Although the CPU could also be put to sleep, presentation on this topic is beyond the scope of this paper.
10.1 Static Power Reduction Summary
We have shown significant static power reduction using the Gate Bias library and Power Management IP.
11.0 I/O Power Reduction
Designers can easily focus on reducing power on the core and miss an even bigger power reduction in the I/Os. Low voltage (1.8V), design permitting, and low leakage I/Os, such as ones made by Virtual Silicon, will minimize dynamic and static power.
We have demonstrated how dynamic power has been cut in half by running the Xtensa processor at 0.8V, while still meeting performance goals using the Virtual Silicon Mobilize power management IP. Lowering the power for your design is now enabled by libraries such as Virtual Silicon’s PowerSaver library and Synopsys Galaxy EDA tools. Static power has been dramatically reduced by using the Gate Bias library and Power Management IP.
- Each configuration of the extensible, configurable Xtensa processor is created by the Xtensa Processor Generator from a unique designer-defined specification of both predefined configuration options and designer-defined instruction extensions.

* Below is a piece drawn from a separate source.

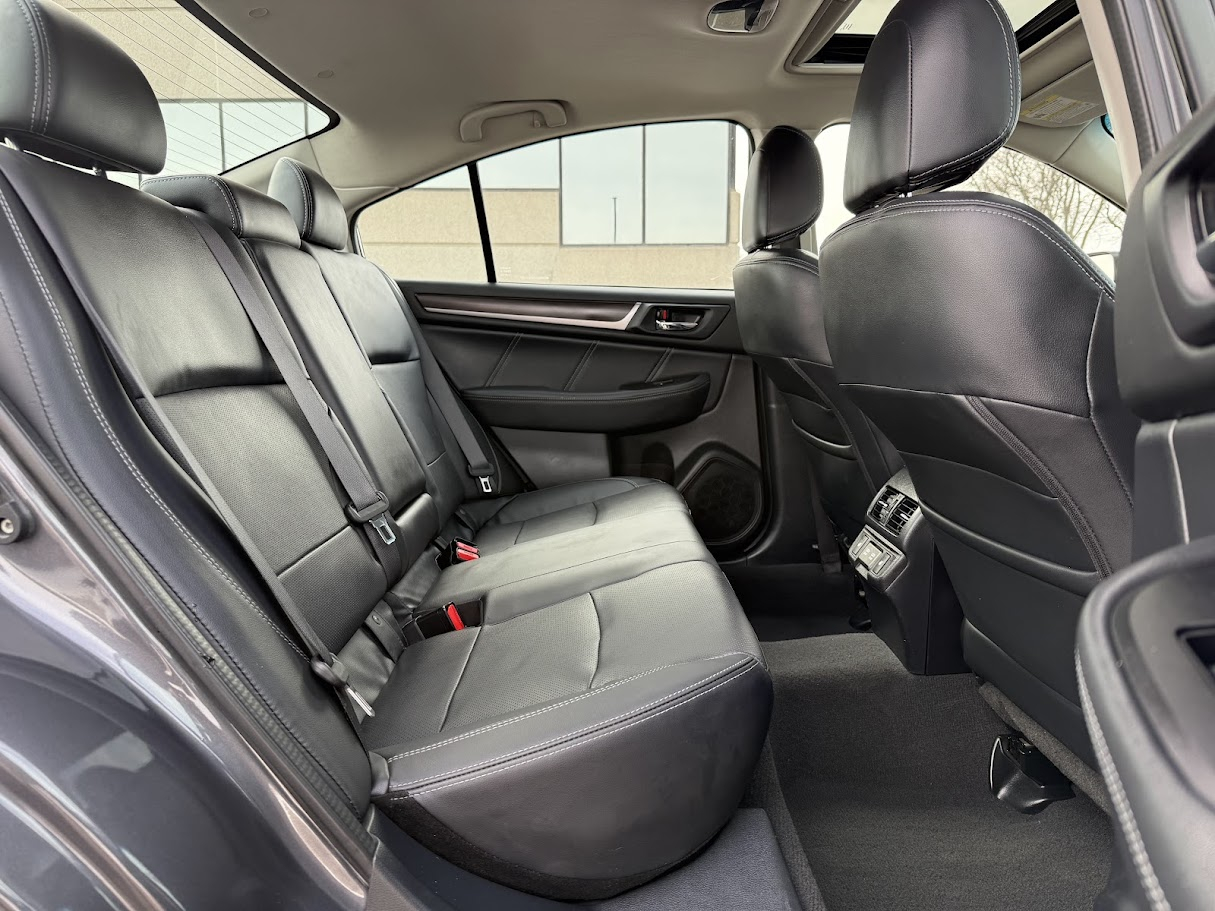 Subaru Legacy 2.5i Limited 2019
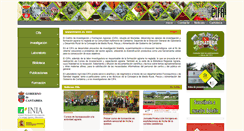Desktop Screenshot of cifacantabria.org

The generator can create a wide range of processor cores, including small task engines, high performance DSPs, media processors and network processors all sharing the common base Xtensa instruction set architecture. The configuration used in this paper has the minimum set of configuration options and includes only the base ISA elements without custom instruction extensions. The power minimization techniques discussed can be applied equally to any Xtensa processor configuration.
- Peters, E., Taglieri, G., & Vemury, L. (2000). Low Power Synthesis Flow For a Configurable Core. Boston: SNUG.
- International Technology Roadmap for Semiconductors, System Drivers. (2001). (p. 17).